From the outset of our editorship as a collective in 2024, we have sought to strengthen the journal’s identity, expand its reach, and foreground the kinds of experimental and creative scholarship that distinguish it within anthropology, we have treated Anthropology & Humanism as a commons. We hold to a simple claim: scholarship is a public good, and creativity is not ornament but method. Now we face the possibility that A&H may no longer exist in its current form after early 2027.
What is happening
Ahead of the 2027 publishing contract negotiations, the American Anthropological Association (AAA) has notified each AAA journal that the overall publishing portfolio—now over twenty academic journals—will be substantially reduced.
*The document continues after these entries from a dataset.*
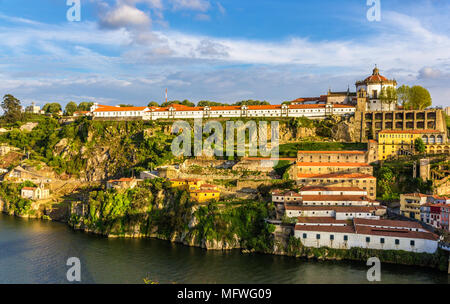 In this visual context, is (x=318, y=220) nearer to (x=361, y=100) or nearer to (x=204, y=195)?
(x=204, y=195)

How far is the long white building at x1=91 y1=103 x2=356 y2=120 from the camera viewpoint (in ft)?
180

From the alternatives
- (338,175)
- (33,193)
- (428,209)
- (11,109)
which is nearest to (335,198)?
(338,175)

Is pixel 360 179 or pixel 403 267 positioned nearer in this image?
pixel 403 267

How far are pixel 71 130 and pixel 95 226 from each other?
2750 cm

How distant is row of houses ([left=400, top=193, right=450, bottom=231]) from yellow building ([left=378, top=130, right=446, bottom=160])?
485 inches

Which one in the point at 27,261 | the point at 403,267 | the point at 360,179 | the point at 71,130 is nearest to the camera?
the point at 403,267

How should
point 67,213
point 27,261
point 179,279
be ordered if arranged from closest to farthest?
1. point 179,279
2. point 27,261
3. point 67,213

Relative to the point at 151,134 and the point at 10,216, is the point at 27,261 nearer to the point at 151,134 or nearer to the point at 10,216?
the point at 10,216

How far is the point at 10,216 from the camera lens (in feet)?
146

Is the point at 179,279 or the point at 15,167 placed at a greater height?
the point at 15,167

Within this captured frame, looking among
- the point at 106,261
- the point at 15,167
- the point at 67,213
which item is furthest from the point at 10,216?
the point at 106,261

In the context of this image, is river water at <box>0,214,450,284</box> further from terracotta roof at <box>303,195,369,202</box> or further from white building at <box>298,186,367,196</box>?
white building at <box>298,186,367,196</box>

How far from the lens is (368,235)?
2778cm

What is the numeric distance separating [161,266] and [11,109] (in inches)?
2450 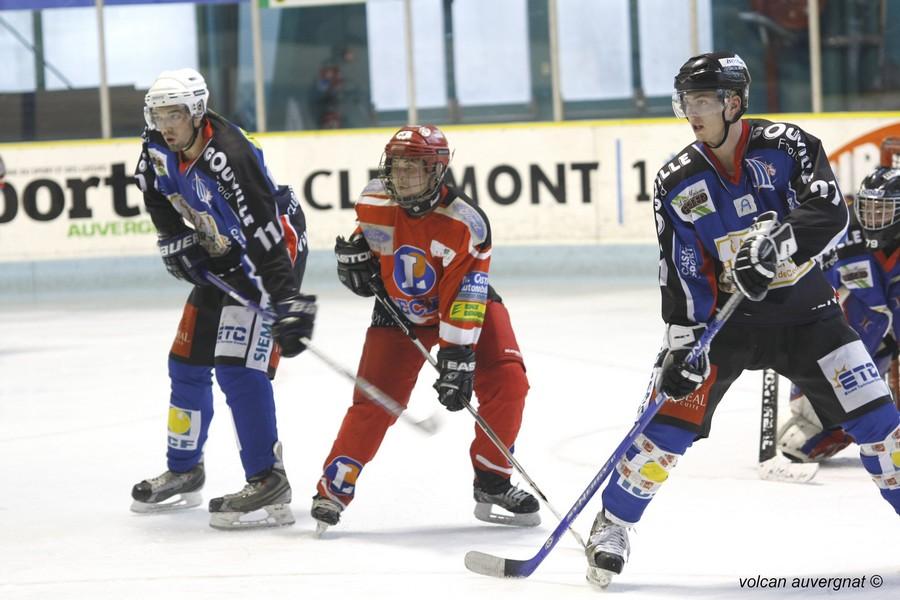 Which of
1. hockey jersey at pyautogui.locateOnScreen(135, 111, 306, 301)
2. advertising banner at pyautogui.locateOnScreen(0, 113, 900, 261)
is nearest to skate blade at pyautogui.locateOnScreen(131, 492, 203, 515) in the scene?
hockey jersey at pyautogui.locateOnScreen(135, 111, 306, 301)

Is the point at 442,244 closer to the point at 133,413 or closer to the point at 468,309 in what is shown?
the point at 468,309

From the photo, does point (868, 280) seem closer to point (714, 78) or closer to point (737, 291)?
point (737, 291)

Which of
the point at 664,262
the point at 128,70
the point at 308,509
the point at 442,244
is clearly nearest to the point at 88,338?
the point at 128,70

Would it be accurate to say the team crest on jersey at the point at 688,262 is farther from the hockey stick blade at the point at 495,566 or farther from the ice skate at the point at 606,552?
the hockey stick blade at the point at 495,566

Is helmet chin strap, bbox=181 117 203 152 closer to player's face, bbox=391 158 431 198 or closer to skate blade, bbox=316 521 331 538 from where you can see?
player's face, bbox=391 158 431 198

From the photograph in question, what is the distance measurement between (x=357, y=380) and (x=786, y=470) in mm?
1340

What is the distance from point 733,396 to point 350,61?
5.65 metres

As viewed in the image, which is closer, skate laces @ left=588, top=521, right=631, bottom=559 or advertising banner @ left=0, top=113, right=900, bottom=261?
skate laces @ left=588, top=521, right=631, bottom=559

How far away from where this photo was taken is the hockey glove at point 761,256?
2.81 meters

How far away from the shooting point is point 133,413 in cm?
548

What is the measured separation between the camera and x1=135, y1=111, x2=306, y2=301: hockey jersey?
3.68 meters

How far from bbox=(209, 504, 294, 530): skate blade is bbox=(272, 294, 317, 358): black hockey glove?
0.48 metres

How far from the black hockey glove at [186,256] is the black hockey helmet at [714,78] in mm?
1449

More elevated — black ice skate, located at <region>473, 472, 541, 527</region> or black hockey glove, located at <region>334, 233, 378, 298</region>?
black hockey glove, located at <region>334, 233, 378, 298</region> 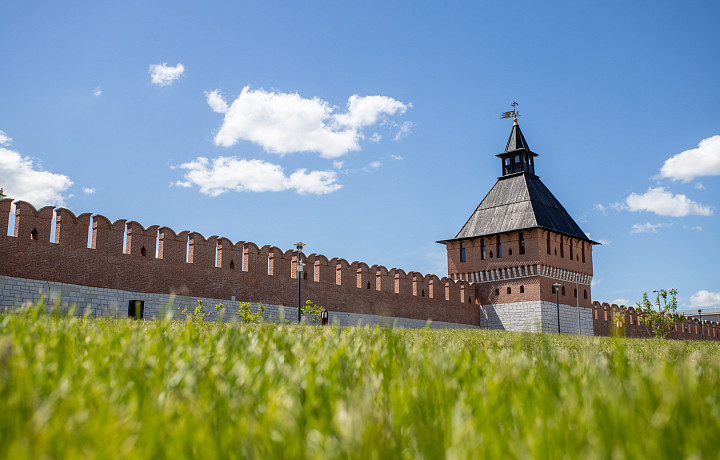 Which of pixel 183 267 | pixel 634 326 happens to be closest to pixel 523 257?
pixel 634 326

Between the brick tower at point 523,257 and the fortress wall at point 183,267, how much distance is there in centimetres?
589

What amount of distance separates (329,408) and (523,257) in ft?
101

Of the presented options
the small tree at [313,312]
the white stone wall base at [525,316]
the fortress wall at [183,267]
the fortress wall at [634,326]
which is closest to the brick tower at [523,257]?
the white stone wall base at [525,316]

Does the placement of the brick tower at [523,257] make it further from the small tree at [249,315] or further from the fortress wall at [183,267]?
the small tree at [249,315]

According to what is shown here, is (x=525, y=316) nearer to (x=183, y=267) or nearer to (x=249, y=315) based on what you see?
(x=183, y=267)

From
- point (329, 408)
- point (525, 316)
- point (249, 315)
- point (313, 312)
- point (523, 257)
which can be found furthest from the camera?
point (523, 257)

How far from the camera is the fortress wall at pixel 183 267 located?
17281 mm

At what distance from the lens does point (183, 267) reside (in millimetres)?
20188

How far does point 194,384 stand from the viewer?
1858 millimetres

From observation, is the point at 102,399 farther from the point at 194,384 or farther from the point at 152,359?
the point at 152,359

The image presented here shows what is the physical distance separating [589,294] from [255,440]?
119 feet

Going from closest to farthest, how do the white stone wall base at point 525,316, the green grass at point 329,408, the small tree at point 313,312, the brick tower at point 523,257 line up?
the green grass at point 329,408
the small tree at point 313,312
the white stone wall base at point 525,316
the brick tower at point 523,257

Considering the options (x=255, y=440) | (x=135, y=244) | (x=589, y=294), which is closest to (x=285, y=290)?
(x=135, y=244)

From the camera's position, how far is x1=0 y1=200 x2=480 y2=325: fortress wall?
17.3m
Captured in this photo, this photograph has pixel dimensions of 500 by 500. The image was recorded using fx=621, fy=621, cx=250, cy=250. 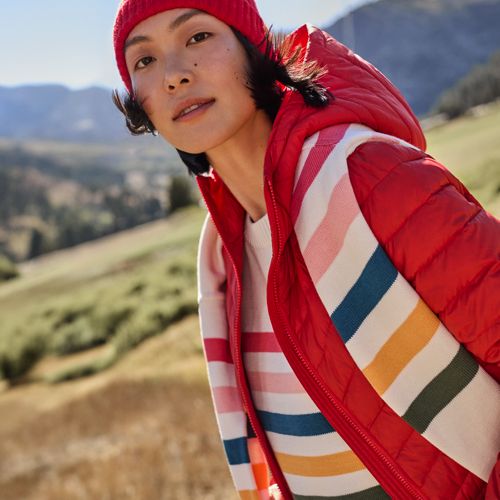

More than an administrative adjustment, this shift compels hard choices about future hosting, collaborations, and the forms of scholarship that can be sustained for each individual journal, also for A&H.
The AAA presented sections and journals with three options:
Option 1: Merge with other AAA journals or join a new AAA-sponsored collaborative journal: AAA has asked all small and medium-sized journals to find collaborative ways to merge.
Option 2 (Verbatim from AAA): “Some sections may find that a library publishing option best suits their publishing goals…. Library publishers are small, mission-driven publishers within academic libraries that offer a limited set of publishing services and typically publish journals on a “diamond” open-access basis: that is, free for both authors and readers.”
Option 3 (Verbatim from AAA): “Sections who wish to remove their journals from the portfolio and not pursue a library collective option may pursue a section-sponsored publishing partnership.”
Our vision: creativity and multimodality as praxis
From the beginning, our vision statement (December 2024) has framed multimodality and creativity as a praxis—a way of doing inquiry, teaching and critique. We think with text, image, sound, performance and story. Rigour and imagination are kept together by making evidence and ethics legible within the terms of each form rather than forcing all work into a single template.
What we’ve been building together as a collective of editors on A&H:
- Creative guidelines. We have drafted and tested guidance for submitting, reviewing, citing and archiving creative ethnographic work. Criteria are form-sensitive—craft, ethical clarity, evidentiary transparency, method made visible—so work can be evaluated fairly and taught responsibly.
- Review as care. We pair authors with medium-literate reviewers, invite dialogic and iterative reviews, and encourage “methods of making” notes with multimodal work so process and accountability remain transparent.
- Support for early-career scholars. We open a supportive space for emerging researchers to explore and experiment with creative, multimodal methods, encouraging risk-taking, reflection and growth in their scholarly practice.
- Expanded formats. We support different kinds of formats such as ethnographic plays, annotated image dossiers, audio transcripts and lyric essays grounded in archives. This way we ensure citability, pedagogy and preservation.
- Collective governance. Editorial conversations are open, minutes are shared and disagreement is treated as a pedagogical resource. We are building reproducible practices, not only outputs.
The hosting question
In light of the portfolio reduction, we are actively exploring a new publishing host aligned with our mission. Our due diligence centres on long-term preservation; indexing and discoverability; equitable routes to open access; production support for multimodal work; and infrastructures that serve community-facing scholarship. The aim is straightforward: to secure a home in which the journal’s intellectual and creative commitments and ethical obligations can flourish.
What guides our choice
Our criteria are public and concrete:
- Genuine support for creative, multimodal scholarship without compulsory textual conformity
- Equity of access for authors and readers beyond well-resourced institutions
- Care-centred review and transparent editorial practice
- Protection of the journal as a commons, not a product line
What comes next
As our pathway clarifies through on-going meetings with the AAAs, we will share further updates. Meanwhile, our editorial work continues: mentoring submissions, expanding and enacting the creative guidelines, and curating forthcoming special sections that embody Anthropology & Humanism’s commitment to method, ethics and imagination.
With thanks to everyone who reads with care, reviews with patience and creates with courage.